Thirdly, the system of weighted voting rights is more standardized. The practice choices of science and technology innovation enterprises for corporate governance are respected, and the companies with weighted voting rights set are allowed to go public. In order to balance the interests, the “Listing Rules” provides necessary standardization for how to properly set the weighted voting rights. First, stricter preconditions are set. It is mainly stipulated that the arrangement for weighted voting rights made by the issuer must be passed by more than two-thirds of the voting rights held by the shareholders attending the general meeting, the arrangement for weighted voting rights should operate stably for at least one full fiscal year before the listing, and the issuer shall have a relatively high market value. Second, the qualifications and subsequent changes of the parties with special voting rights are restricted. It is mainly stipulated that the relevant shareholders should make significant contributions to the company's development or growth of performance, and continuously serve as directors of the company before and after the company's listing, the shares with special voting rights shall not be traded in the secondary market, the shares with special voting rights shall be permanently converted into ordinary shares once the holders are unqualified or the special voting rights are transferred, and the established proportion of special voting rights shall not be increased. Third, the legitimate rights of the shareholders with ordinary voting rights are protected. It is mainly stipulated that except for the number of voting rights, other rights enjoyed by the shareholders are the same, the voting rights of ordinary shares should reach the minimum proportion, the shareholding ratio required for convening the general meeting of shareholders and making proposals at the general meeting of shareholders and its calculation method are provided, and the exercise of special voting rights is restricted for major matters. Fourth, the internal and external supervision mechanisms are strengthened. It is mainly stipulated that the companies are required to fully disclose the implementation and changes of the arrangement for weighted voting rights, the board of supervisors shall issue the special opinions on the setting and operation of the arrangement for weighted voting rights, the abuse of special voting rights is banned.

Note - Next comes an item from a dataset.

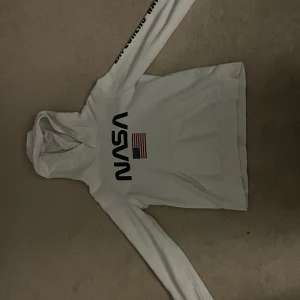 Vit NASA hoodie från H&M - Säljer en vit hoodie från H&M med NASA-logga och amerikansk flagga på framsidan. Texten 'EXPLORERS WANTED' finns på ärmen. Perfekt för rymdentusiaster! 🪐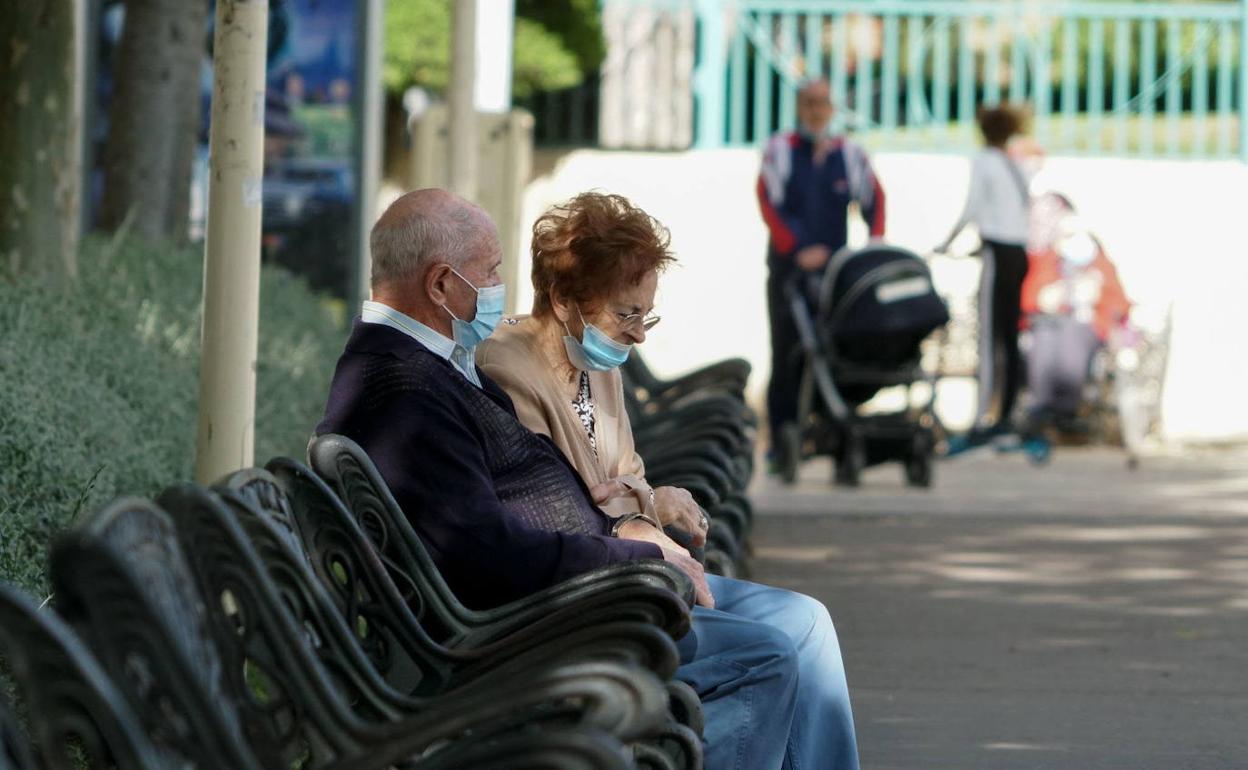 Una pareja de ancianos sentada en bancos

Fourthly, the responsibility of the sponsoring institutions for continuous supervision is more stringent. Tightening the responsibility of the sponsoring institutions will provide important support for the implementation of the registration-based IPO system. The principle is implemented in the arrangements for the system of continuous supervision. First, the continuous supervision period is extended. The continuous supervision period for the initial public offering shall be the remaining time of year of the listing plus the next three full fiscal years. If a listed company implements refinancing or major asset reorganization through the issuance of shares, the sponsoring institution or financial adviser providing the service shall perform the continuous supervision duties in the remaining period. Second, the responsibilities for the supervision and information disclosure for the major irregularities of the listed companies are refined. The sponsoring institutions are required to pay attention to the daily operations and stock transactions of the listed companies, urge the companies to disclose major risks, issue supervisory opinions on the major risks of the company and conduct necessary on-site inspections. Third, the investment research reports shall be issued on a regular basis. The sponsoring institutions are required to regularly conduct investment research on the fundamentals, industry situation, corporate status and financial conditions for the listed company, and form and disclose the formal investment research reports on a regular basis so as to provide reference for investors' decision-making.

Fifthly, the equity incentive system is more flexible. Equity incentive is an important system for the science and technology innovation enterprises to attract, retain and motivate talents. First, the proportion upper limit and the scope of the targets of the equity incentives are expanded. The limit of all the shares of a listed company during the validity period that are involved in the equity incentive plan is increased from 10% to 20% of the total. The shareholders, actual controllers, their spouses, parents, and children who hold more than 5% of the shares of the listed company alone or in aggregate are allowed to become the targets of equity incentives, but they should be the main management personnel, core technical personnel or core business personnel in the listed company. Second, the grant prices of the restricted stocks are more flexible. The limit for the grant price of the restricted stock is removed, and the independent financial adviser is required to express professional opinions on the rationality of the pricing basis and the pricing method and whether it will harm the interests of the listed company. Third, the modes of implementing the equity incentives are more convenient. According to the current provisions, after the restricted stock plan is reviewed and approved by the shareholders' meeting, the listed company shall grant the rights and complete the registration within 60 days. In practice, some restricted shares granted by the listed companies needed to be repurchased and written off because of failing to fulfill the exercise conditions. The “Listing Rules” cancels the restriction and allows the listed company to re-register the restricted shares under the names of the incentive targets after the incentive conditions are met. After the actually granted equities are registered, the period of sales limit can no longer be set, which facilitates the implementation and operation.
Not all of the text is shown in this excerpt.